Цветок заранее знал - страница 7



Когда Ёнсок, уснув, прижималась, было приятно. Давно, считай в прошлой жизни, Джинхён отдал бы всё, что есть, за возможность не разлучаться с родственной пройдохой. Им было когда-то хорошо и весело вместе. Но сейчас кроме контракта у старшего нет даже себя, поэтому и отдавать ему больше нечего, надо ебашить.

Музыку, открывающую новый день, подбирал стафф. Через несколько нот Пхан произносит отмену. Если поддаться чужому ритму, пропустишь момент, опасный для позвонков, ни к чему лишний риск, впереди концерт, а после мероприятие в честь… Да кому Джинхён врёт? После концерта частная вечеринка первого отчима Виньен, оскандалившегося недавно члена республиканской Ассамблеи. И вот именно на его приёме красивый мальчик из известной семьи обязан присутствовать в качестве сопровождающего. Да, убейся об стену и будь до конца честен, Джинхён Пхан, ты там эскортница.

Только разыграешься, забудешься, как всевластные взрослые тянут в разные стороны. Очевидно, с годами ничего не меняется.

Репетиция в полной тишине, почему бы и нет?

Обязательства нависают так монументально, как шкаф-секьюрити в самый залипательный час этого утра. Сто́ит закрыть глаза, и над душой пресс ответственности. И некому спину прикрыть. Виньен чувствует себя погребённой, а её старший будто укатывает в асфальт сам себя.

Время, когда движение гибкого тела выражало стремление к мечте, безвозвратно прошло. Но оно было, Пхан хорошо его помнит, и каждый трудный день он вынимает из хранилища памяти ту минувшую искру.

Нынешний биас группы влюбился в танец с февраля две тысячи десятого года, когда был привезён на Бал богатых и знаменитых в каменный Дрезден и там на площади увидел брейк-данс. Группа пацанов собрала вокруг толпы. Джинхён стоял на цыпочках на балконе тогда ещё не заложенных семейных апартаментов, еле доставал переносицей до периллы и просился вниз, он хотел стать частью вольных детей, детей, которым никто не указывал как и куда двигаться. Из-за риска киднеппинга подобная вольность была недопустима, и тогда же Пхан пожалел, что не родился четвёртым, как Виньен. Было бы в семье Пханов больше одного ребёнка, не лежало бы на Джинхёне столько ответственности, она бы на него не давила, не так несносно по крайней мере.

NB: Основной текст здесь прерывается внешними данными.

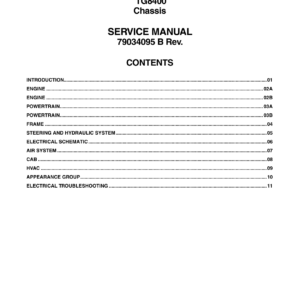 Ag-Chem TG8400 TerraGator Chassis Service Repair Manual - Image 1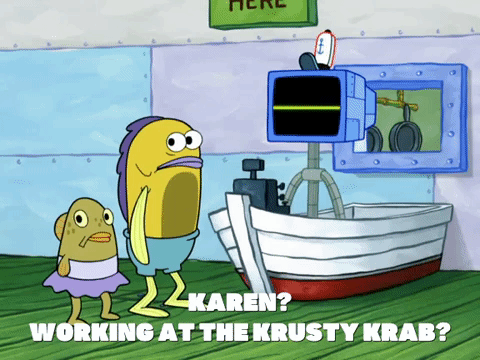 season 8 karen 2.0 GIF by SpongeBob SquarePants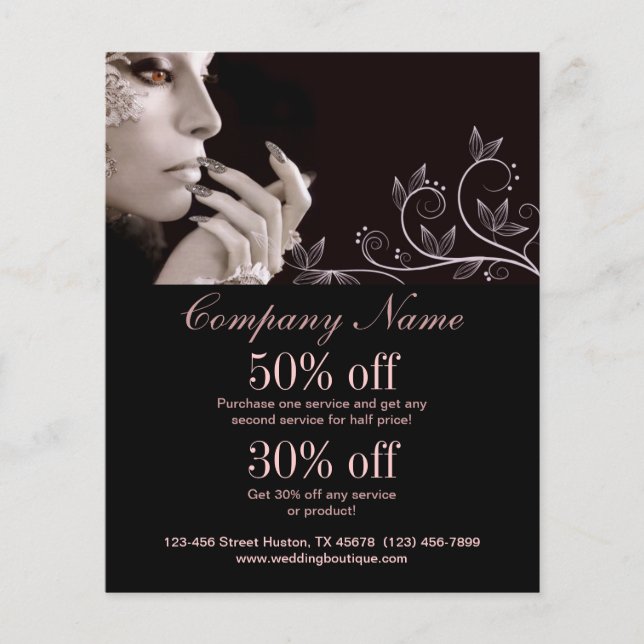 nail artist business personalised flyer (Front)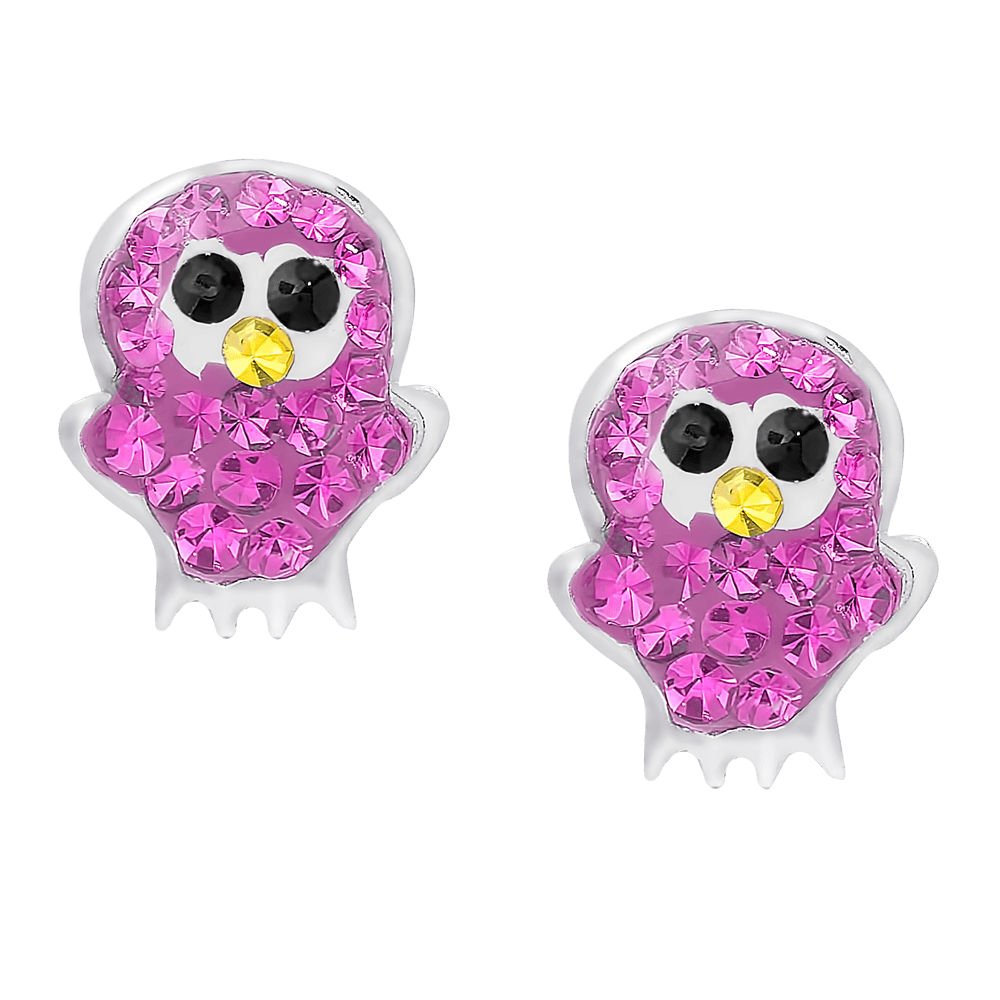 Molly and Emma Sterling Silver and Crystal Stud Earrings Set_03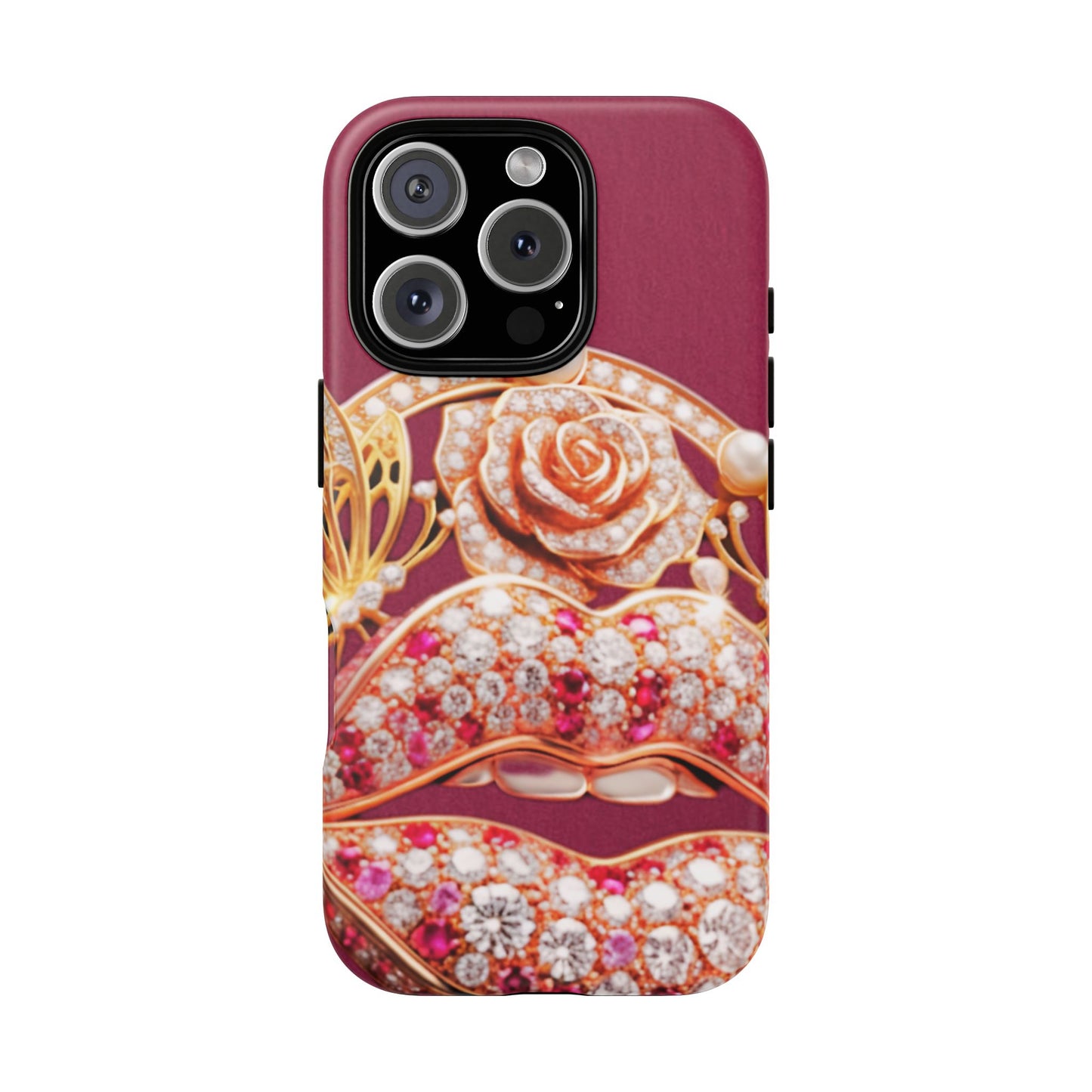 Protective Phone Case – Kiss of Gold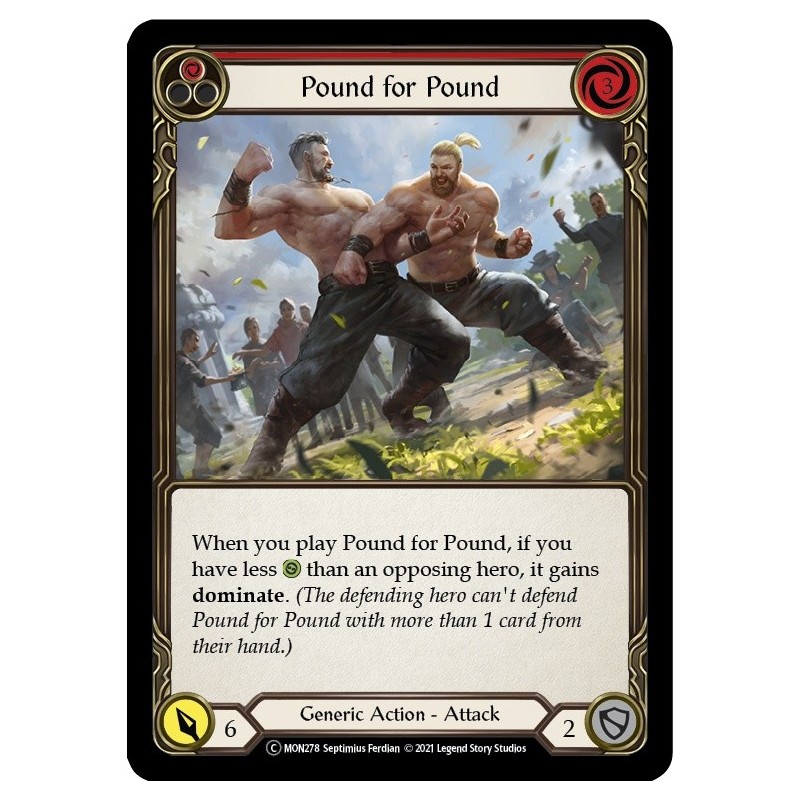 Pound for Pound Red [U-MON278]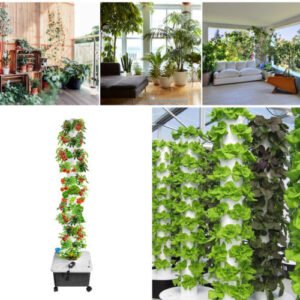 60Pots 70Pots Vertical Hydroponic Garden Tower System Aeroponics Home Grow Kit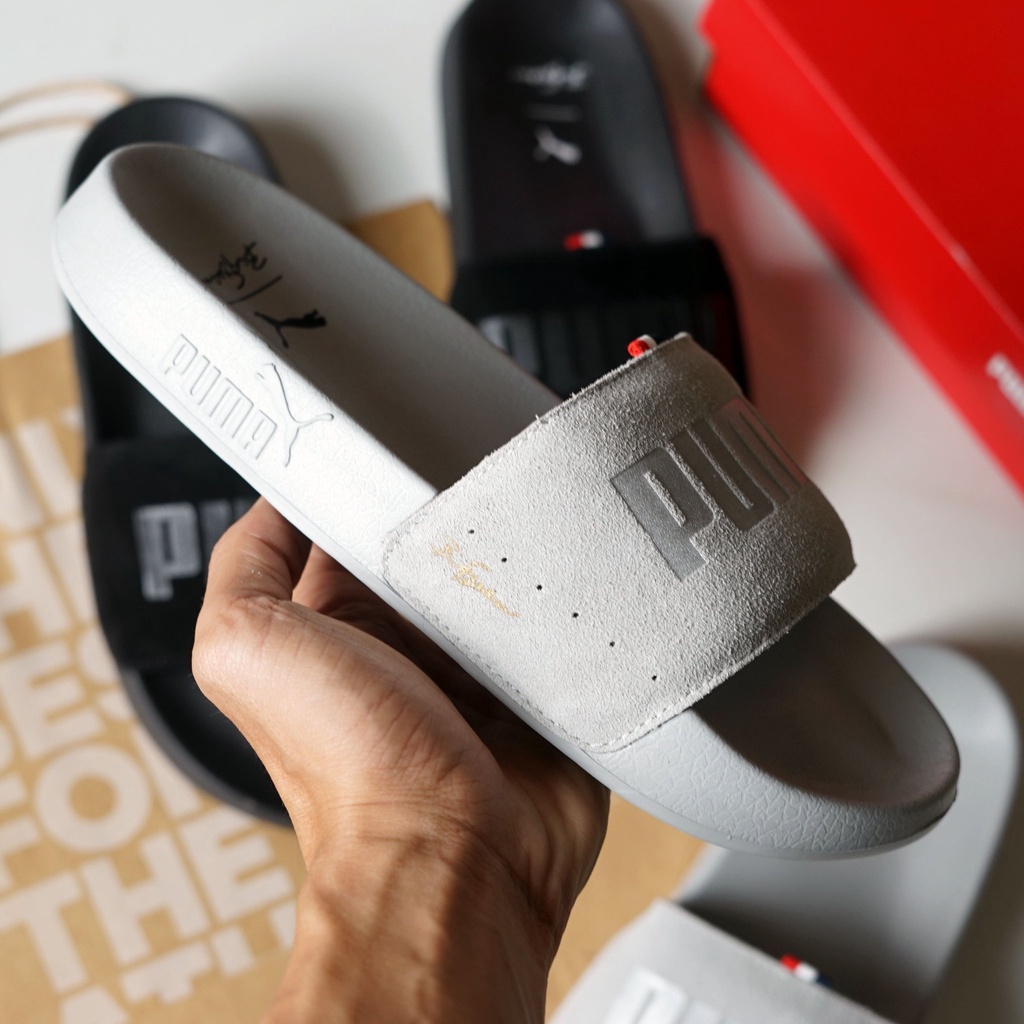 Dép cao su quai ngang Puma Bigsean, unisex, mang êm chân, đế chống trơn trượt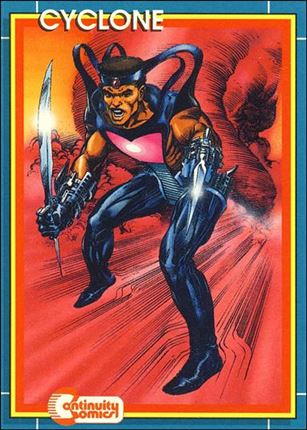 Continuity Comics (Promo) card 19 Cyclone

Мальчишки, немногим старше мелкого Пхана, вытворяли сикстеп и бэкспин, элементы с опорой на руки или крутились, лёжа на спине, расставив широко ноги. Джинхён наблюдал. Сегодня он бы смог считать их внятный вызов так: свежая кровь против морализма, бунтарство, превращённое искренностью молодых в изящество. С тех пор рисунок движений часто заменял голос Джинхёну и этот голос не врал. Чувствуя восторг, Пхан, словно принц, благодарил выпадом ноги и торса вперёд. Повзрослев, он выучил термины и их значения, но то, что знаменовало правду тела, стало всего лишь всем известной связкой кика и дропа.

А тогда, трепет от вида разморённой после обеденного сна Ёнсок, милой младшей сестры, с готовностью запускающей старшего в свою комнату, вызывал сокращение стопы и кисти, провоцировал подскок. Сейчас это был бы флекс в цепке с хопом.

Но если поддаться хаотичному ритму пузырьков кислорода, привносящих сумятицу в мысли, то вспоминается, как после завершения ужина, когда семьи сидели, будто манекены в витрине, пухлощёкая Виньен потащила за диван и делилась порцией курочки. Когда воссоздаёшь тот сладковатый вкус и он сочно раскрывается после хруста панировочных сухарей, сопровождаемый восторгом в глазах воришки, то дроп становится всполохом света, отражённым в начищенных до зеркального блеска поверхностях. Отточенность торса вперёд – шаг в порывистое падение, что фонтанирует бликами, расцвечивая сдержанность студийных интерьеров.